This simple Lambda function invokes OpenWeatherMap.org API to retrieve the current weather for a city.

It is created via a CI/CD Pipeline, and can be used to demonstrate advanced concepts like CodeDeploy traffic shifting deployments and SAM CLI step through debugging.

Architecture

This is what will be created:

Diagram - PyWeather architecture

A CI/CD Pipeline is created as well:

Diagram - PyWeather CI/CD Pipeline

Pre-requisites

To use this - you need:

  1. a Private S3 bucket to use as a place to stage the source code (for creating a CodeCommit repo)
  2. Python3.11 - if you want to build and deploy locally
  3. jq must be installed
  4. Docker - (if showing step-through debugging with SAM CLI)
  5. SAM CLI

Installation

First, you must request an API Key from OpenWeatherMap.org, for the "Current Weather Data" API.

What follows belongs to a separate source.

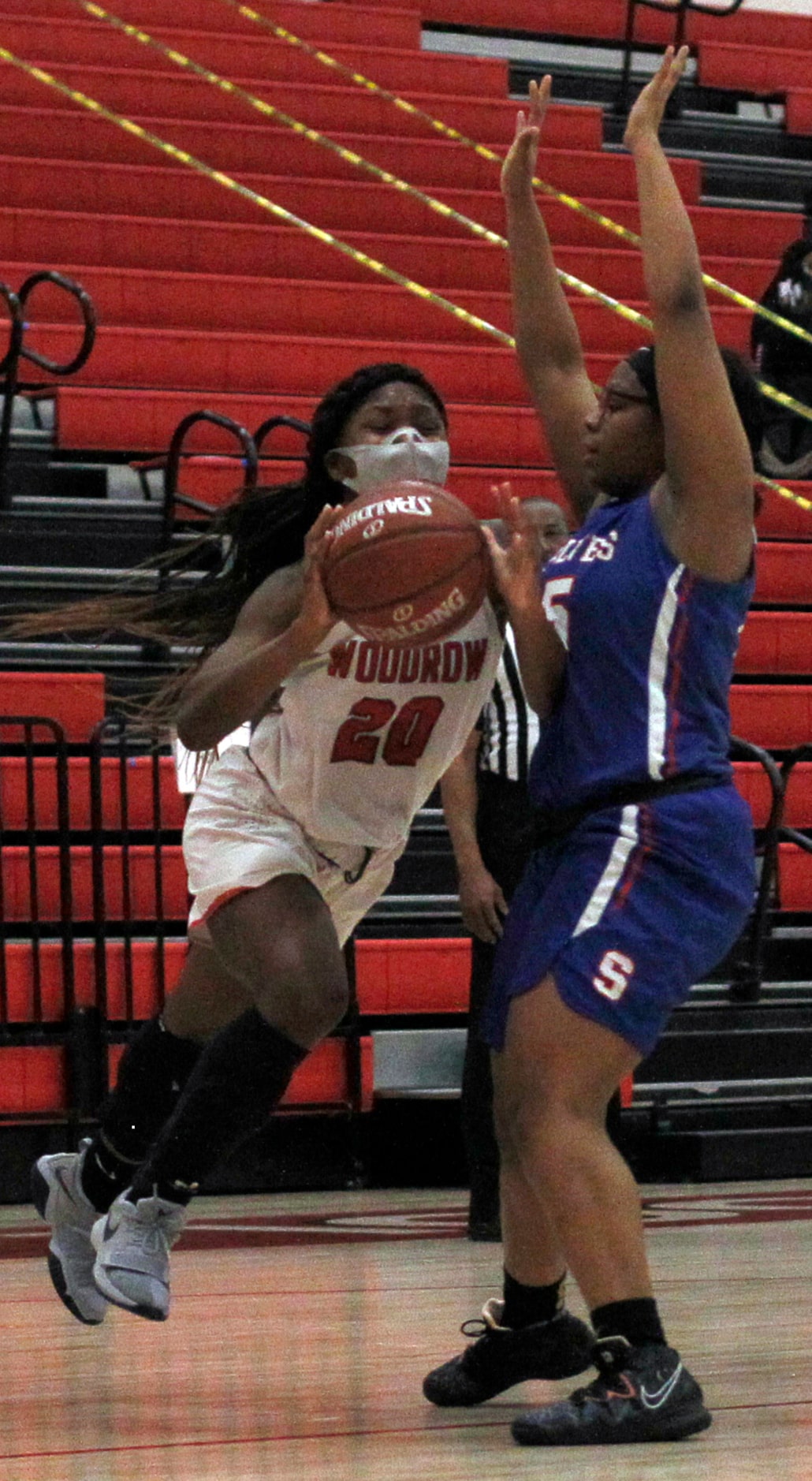 Dallas Woodrow Wilson's A'nyah Peters (20) drives to the basket past the defense of Dallas...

Register on OpenWeather Map.org

https://openweathermap.org/api

Request an API key.

Create a Secret in Secrets Manager

We'll store the OpenWeatherMap API key in Secrets manager.

First, you'll need to create the Secret (replace YOUR_API_KEY_HERE with yours!)

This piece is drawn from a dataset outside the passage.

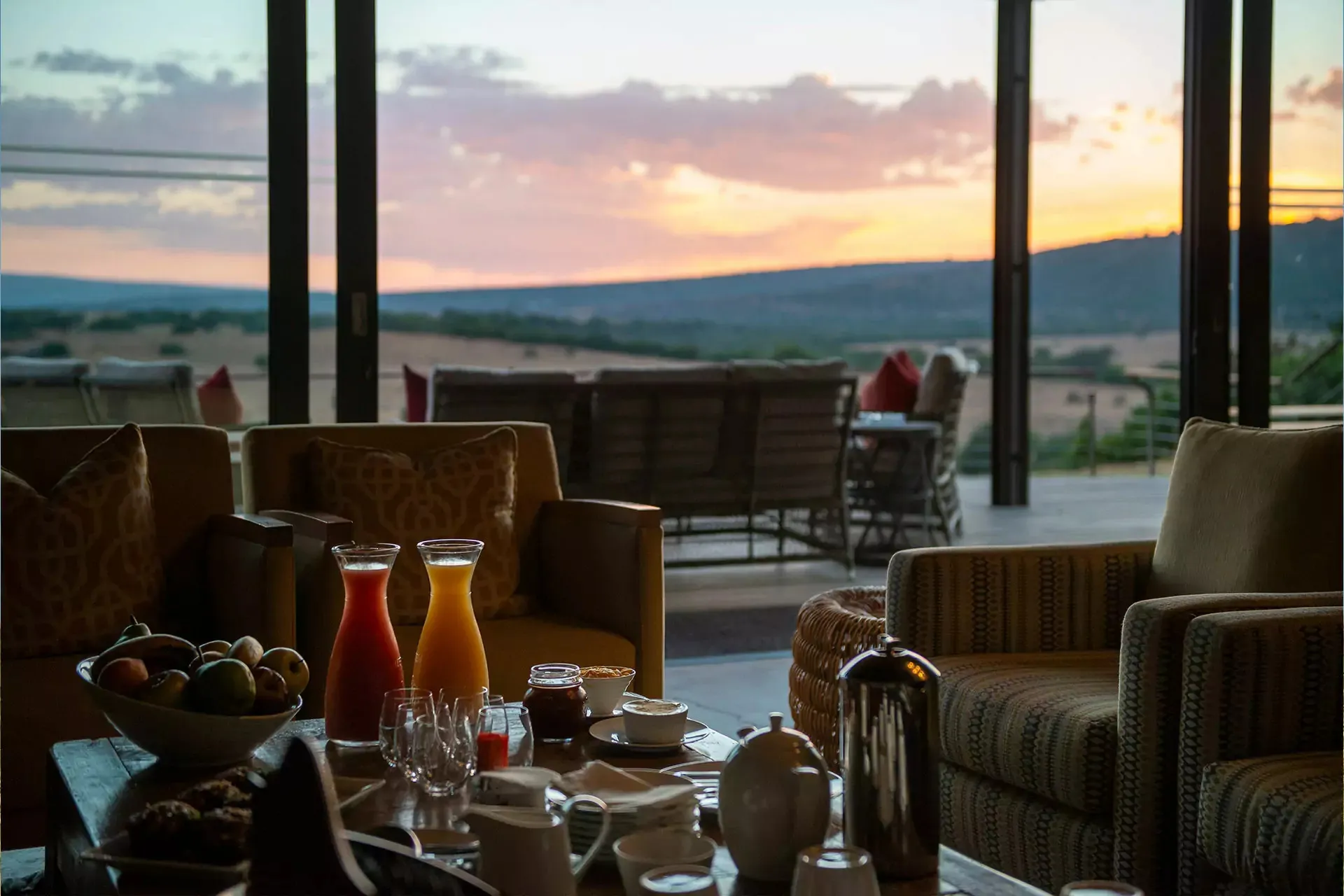 Cozy lounge with a view of sunset through large windows breakfast setup on table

aws secretsmanager create-secret --name "openweather-api-key" --secret-string '{"apikey":"YOUR_API_KEY_HERE"}' --region us-west-2

SECRETARN=$(aws secretsmanager describe-secret --secret-id openweather-api-key --region us-west-2 | jq -r '.ARN')

echo $SECRETARN

Any region should work, but us-west-2 is shown here.

Specify an S3 bucket to use for the sam build command

We just need any S3 bucket where any the code can be packaged via sam package command. This bucket is also used to temporarily stage a zip of the full source code.

Replace YOUR_BUCKET_NAME with the name of a bucket in the same region as where you wish to deploy.

BUCKETNAME=YOUR_BUCKET_NAME

echo $BUCKETNAME

Two Ways to Install

The best way to install is to run the CI/CD Pipeline installation script. This will create the CI/CD pipeline, which will automatically run and deploy the function too! You must provide the name of an S3 bucket that can be used to stage the ZIP of source code (to initialize the CodeCommit repo)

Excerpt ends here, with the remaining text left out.